A table opened up and I received an awesome massage. Almost half the time the guy was just pushing or pulling me into stretches. At one point, he lifted my leg straight up and started making circles.
“Relax your leg,” he told me.
“Yeah, that’s as relaxed as it’s gonna get.”
After 15-20 minutes (I had expected only about five), my turn was up, so I found Adam and we started walking back to the hotel together. About two miles. Should take about an hour. Adam was still wearing all his warm-ups, which he’d worn during the race, since he got in the line for the bathroom after I did and didn’t make it to the clothing drop in time. So while I thought running shorts and a tank top was just enough for the weather we had (which was perfect), Adam was wearing a short-sleeved shirt, a long-sleeved one over that, and long pants over his running shorts. He was lucky it didn’t warm up as expected, or that would’ve been completely miserable, rather than unnecessarily uncomfortable.
It was cool to walk along Venice Beach again, this time during the day, after seeing it the night before.

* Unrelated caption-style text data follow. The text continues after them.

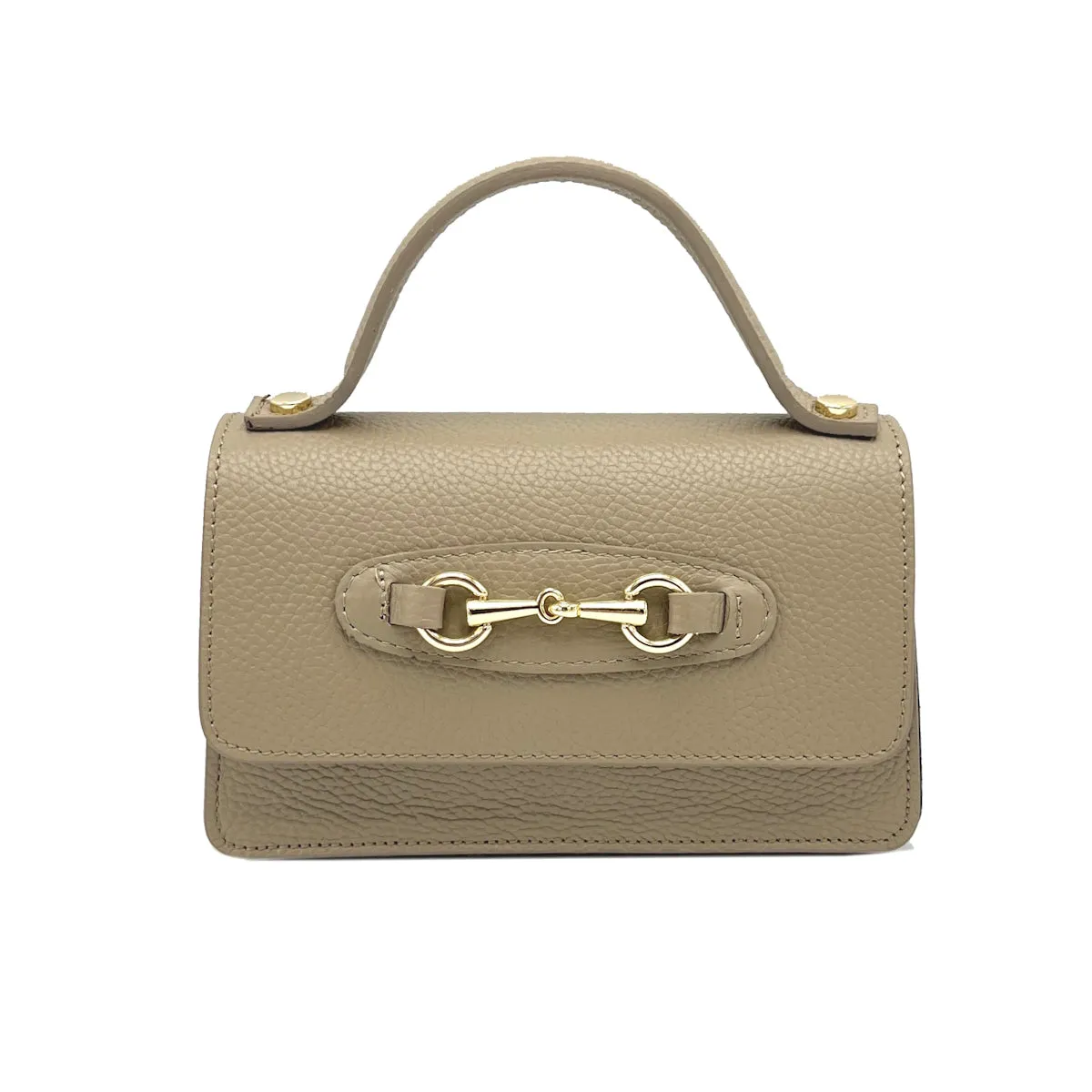Genuine leather handbag with chain, Made in Italy, art. 112569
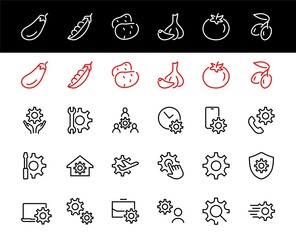 A simple set of settings and options related to Vector Line Icons. Contains icons such as set time, business, phone, and more. Editable Stroke.. 480x480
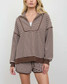 Blu Pepper Half Zip Knit Top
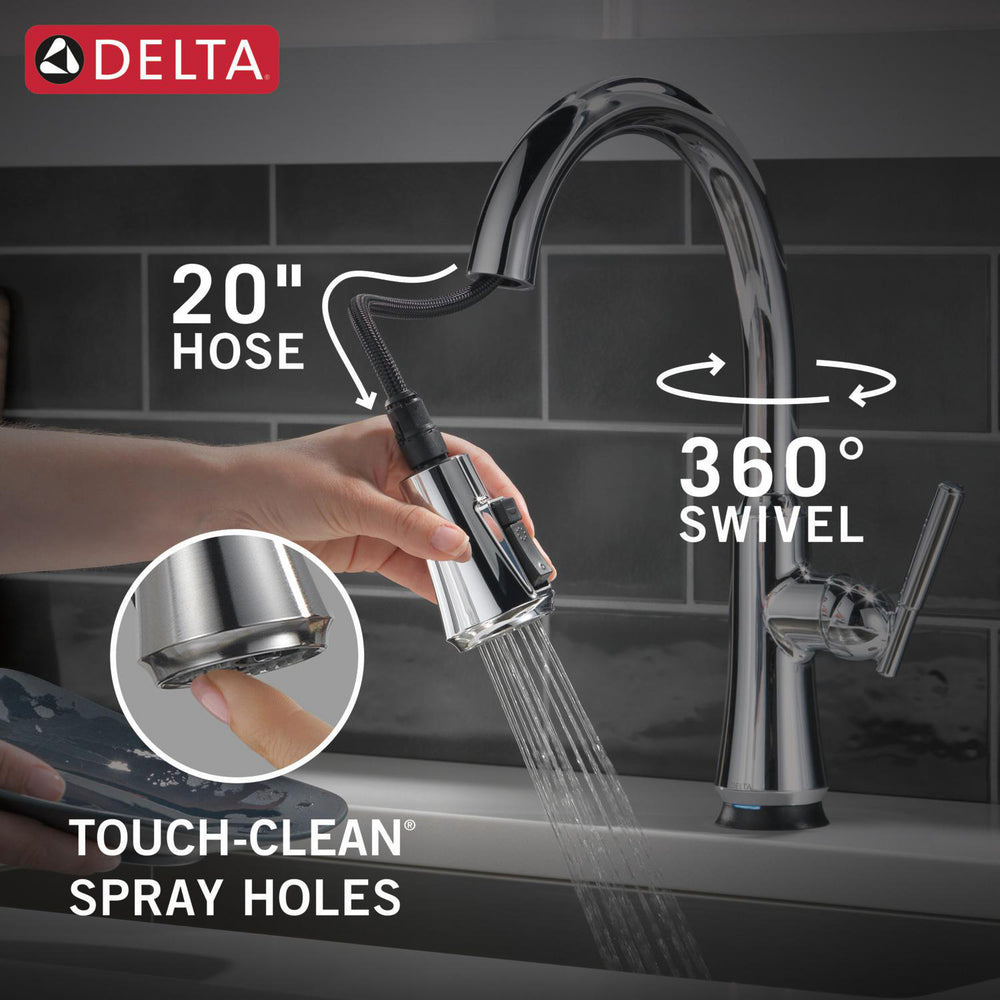 Delta Coranto Single Handle Pull-Down Kitchen Faucet with Touch2O Technology - 9179T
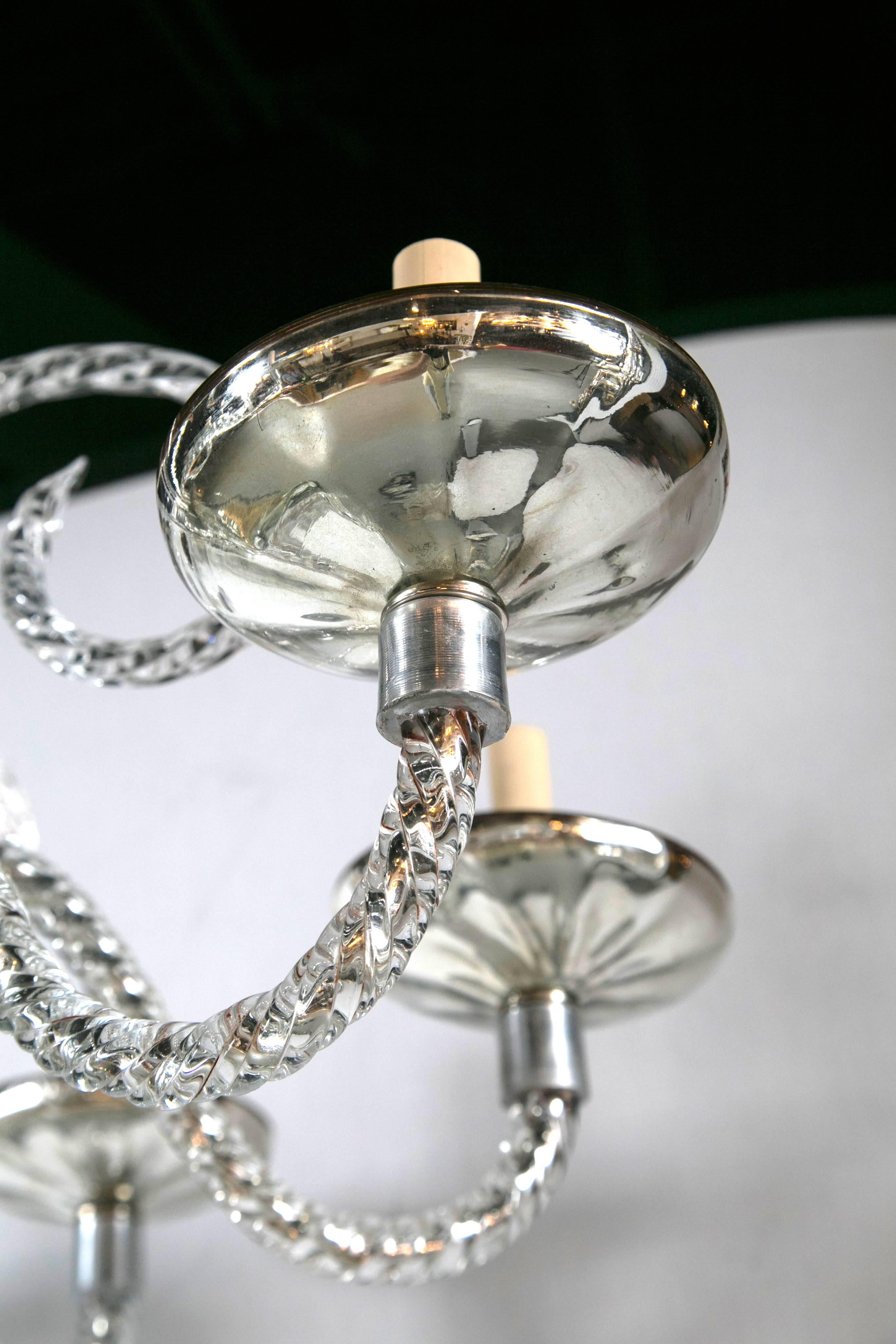 Pair of French Mercury Glass Chandeliers In Excellent Condition For Sale In Stamford, CT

After probably half an hour, Adam stopped in his tracks.
“Oh no,” he kept patting himself, like he was looking for his keys, “Shit! I left my pouch at the massage tables.”
“Oh man. What was in it?”
“My credit card, my ID....”
“Do you need me to drive you back when we get to the hotel?”
“No, I’ll turn around and go now.”
“....OK. Do you need me to pick you up at the finish?”

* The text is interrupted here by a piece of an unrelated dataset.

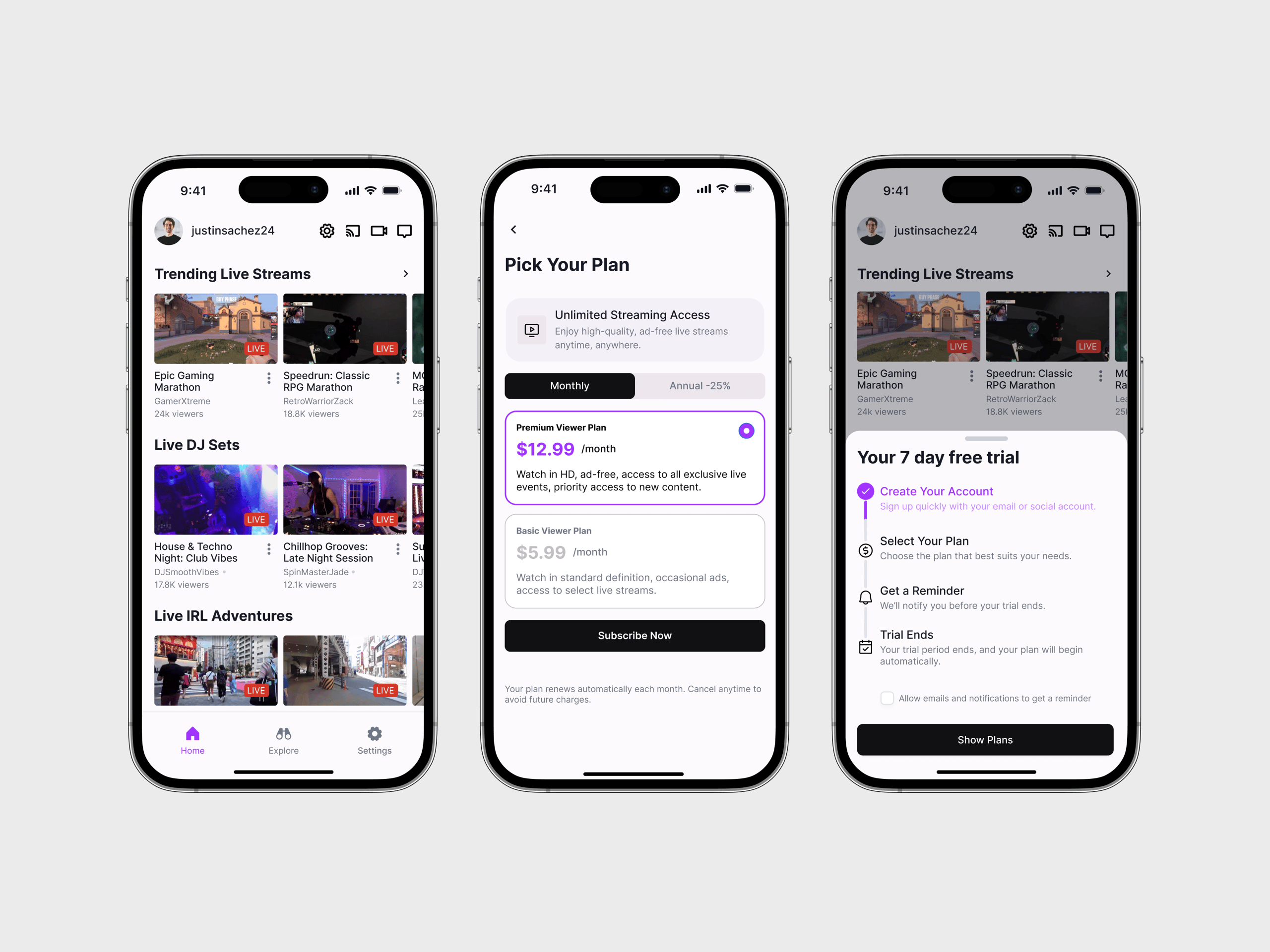 Streaming App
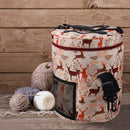 #A Knitting Needles Travel Tote Organizer Yarn Crochet Hook Storage Bag Sewing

“No, I’ll be quick. Just go ahead and I’ll meet you at the hotel.”
We were already halfway to the hotel. It would probably take an hour and a half to walk all the way back to the finish line, then back to the hotel again. Nonetheless, I set off without him.
I headed on to the hotel alone. Nick was packing up his stuff. I told him we might need to pick up Adam, since I had little faith we’d be out before our 1:00 PM checkout otherwise (it was now about noon). I hopped in the shower, and as I was getting out, Adam came through the door.
“Wow. That was fast.”
“I told you I’d be quick!”
“Yeah, but.....damn.” I still have no idea how he covered that kind of ground that fast. Did he run?

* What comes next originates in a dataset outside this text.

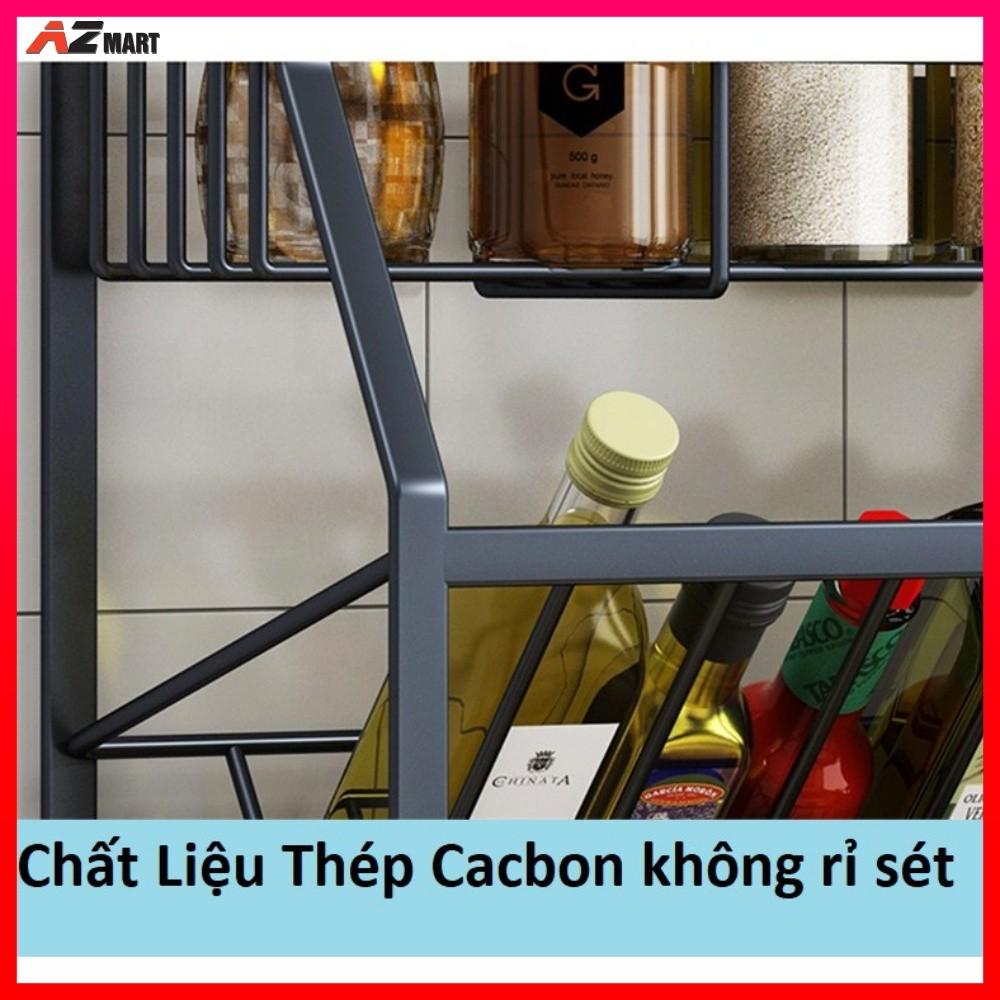 Kệ Nhà Bếp Kệ Gia Vị - Kệ Để Đồ Nhà Bếp Sơn Tĩnh Điện 3 Lớp Cao Cấp Mẫu Mới 2021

Nick was catching a flight from LAX that night, so he walked back over to the Google office to hang out there for the rest of the day. Adam and I got in the car, navigated some more bad LA traffic, then had a nice, easy long drive back to Silicon Valley.
I had wanted to go out for St. Patrick’s Day, but couldn’t find anyone to go with, and I wanted to get to bed early after only getting three hours of sleep the night before. So I had a couple beers while wearing a green plastic leprechaun hat and called it a night.
Was I disappointed? Kinda. There is some amount of pride in the fact that just about everything went wrong, I had to stop for the bathroom five times, and I still finished in a Boston-qualifying time. But more than that, I’m glad that Boston improved their standards. Because I’m not so sure a performance like mine is deserving of a spot in the world’s most prestigious footrace. I’d like it if the cutoff time eventually got whittled down to 3:00, which would truly make that the ultimate mark of a good marathoner.
I don’t plan on running the LA Marathon again, and I don’t recommend it. The course is...OK...the organization is bad, the support is average, and the price is high. Not to mention you have to deal with driving in LA. Nothing made it stand out as good, and a whole lot of things stuck out as bad. I understand some of those come with the territory of an event that large, but I’ve done these before, and I don’t remember any other one being this bad.
It made me start thinking though, and this may signal the end of mega-marathons for me. I think for me, soccer was kind of like that first girl you had a crush on and made you realize that girls weren’t icky, and marathons were like your first love from back in high school that you went head over heels for, at the time. Bike touring and backpacking have been other great loves along the way. But now fully mature, I may have found my soul mate in trail running. Sure, I might catch up with my old flames and do a bike tour, or backpacking trip, or road marathon every now and then. But trail running and myself, I think we’re destined to be together.